WHAT IS BEING ASKED:
Leave out all lines before the one containing "Ничья в пользу КГБ 1 Сезон 1 серия", and copy that line and all the rest below it exactly.

DATA EXCERPT:
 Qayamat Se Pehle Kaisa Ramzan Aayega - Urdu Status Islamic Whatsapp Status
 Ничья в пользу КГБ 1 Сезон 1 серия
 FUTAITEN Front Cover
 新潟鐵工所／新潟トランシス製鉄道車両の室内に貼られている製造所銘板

ANSWER SECTION:
 Ничья в пользу КГБ 1 Сезон 1 серия
 FUTAITEN Front Cover
 新潟鐵工所／新潟トランシス製鉄道車両の室内に貼られている製造所銘板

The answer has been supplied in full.